その人に会うために、僕は毎週週末になると、その店に通うようになった。
その人は昼働いている為なのか、毎週その店にアルバイトに来るわけではなかった。おかげで、会えないこともあった。この頃から、僕は予定が変更になっても、適当にその場で別のことを楽しむ癖をつけるようにしていた。目的の人に会えないからといって、がっかりした顔をするのは、格好悪いし、店の人に失礼な感じを与えるような気がしたのだ。

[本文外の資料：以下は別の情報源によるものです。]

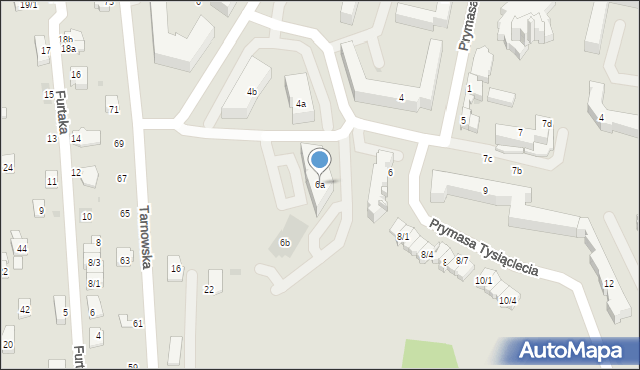 Rzeszów, Prymasa Tysiąclecia, 6a, mapa Rzeszów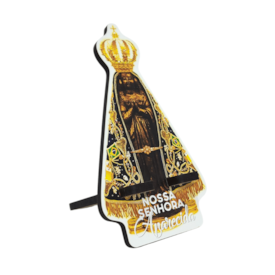Suporte de Aparelho Celular Nossa Senhora Aparecida Colorida - MDF (Porta-celular)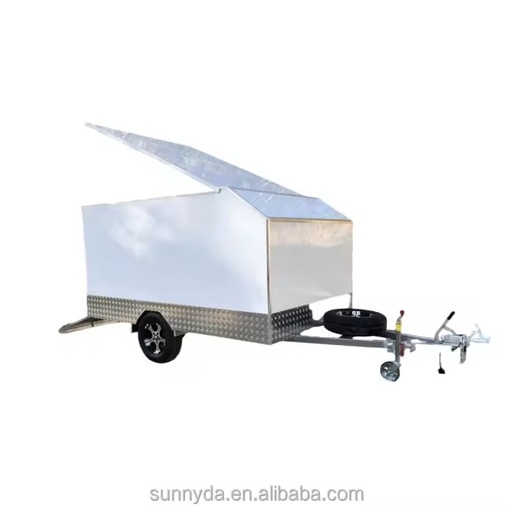 High Quality Box Trailer Enclosed Enclosed Motorcycle Trailer Enclosed Car Transporter Trailer for Sale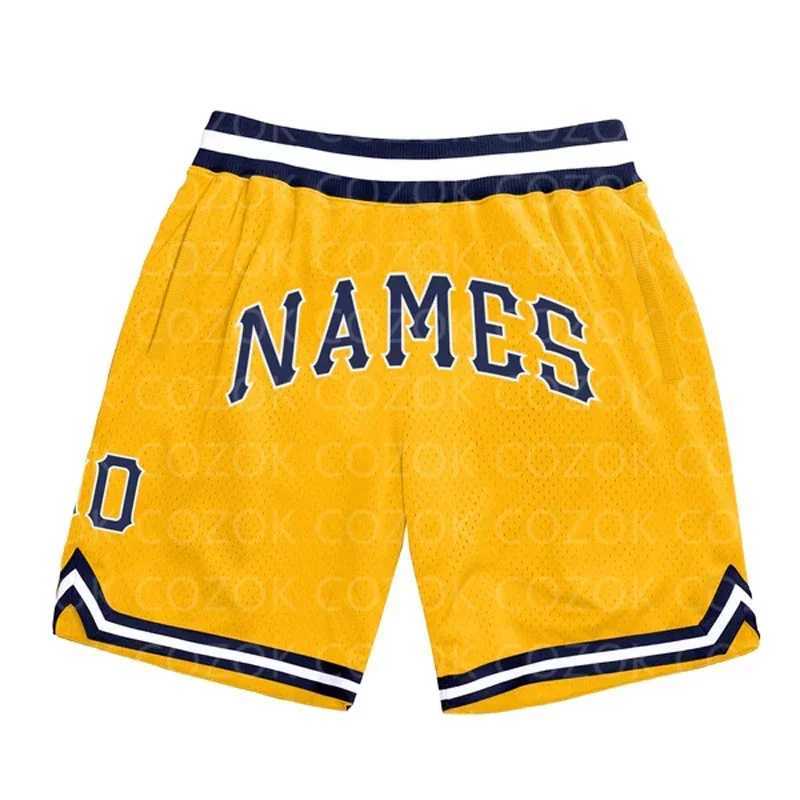 Men's Shorts Custom Yellow Light Authentic Basketball Shorts 3D Printed Men Shorts Your Name Mumber Quick Drying Beach Shorts z250219
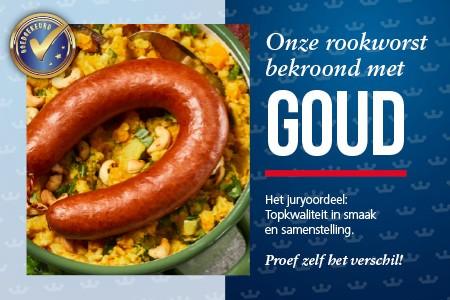 goud bekroonde rookworst keurslager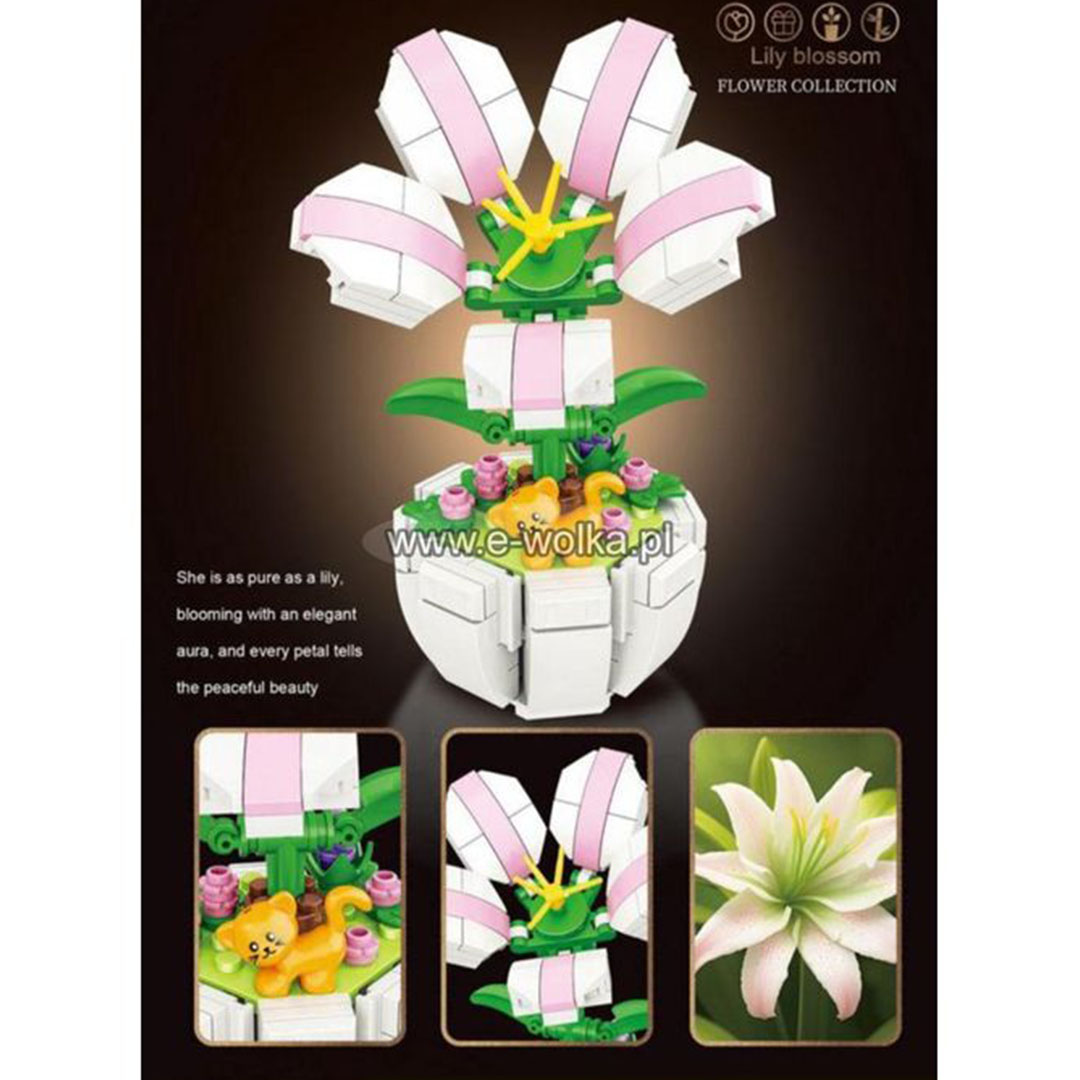 بازل تركيب زهرة ليلي - 164 قطعة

本当に気まぐれだった。けど、不思議と僕の気持ちは腹が立たなかったのだ。
その店で同じくバイトで来るコがいた。聞くと、18歳で高校生らしい。すらりとしたスタイル、幼い面影があり、無理して夜の世界に来ている感じだった。高校を卒業したら、整形して、ニューハーフの世界に入るらしい、母親も応援してくれているとママのポロリとした話でそのコの事が理解できた。そんな親も出てきているのだな・・と僕は少し感慨深かった。
どちらが誘ったのか定かではないが、一緒に食事に行く約束をした。その人が店に出る前に早めに会って、食事に行くことにしたのだ。時間はほんの2,3時間の事だった。不思議な事に僕はそれでも満足だったのだ。
その人とは色々なマニアックな話、哲学、政治等々話をした。その人がどんな気持ちで話を聞いてくれていたかは分からない。僕は、その人の顔と声に見惚れ、聞き惚れていた。食事や食事が一通り終わると、僕たちは一緒に店を出た。その人は店へ、僕はとりあえず繁華街を1時間ほどぶらぶらしてその人の店に顔を出した。
僕は知らなかったが、その人の名前は結構当時有名で、誰にとっても一種高嶺の花だったらしく、誰も二人きりで食事に行く男はいなかったからだ。
僕は、その人に惹かれていた。そして、なんとなく続いているD子さんとの関係もはっきりさせなければいけないと思い始めていた。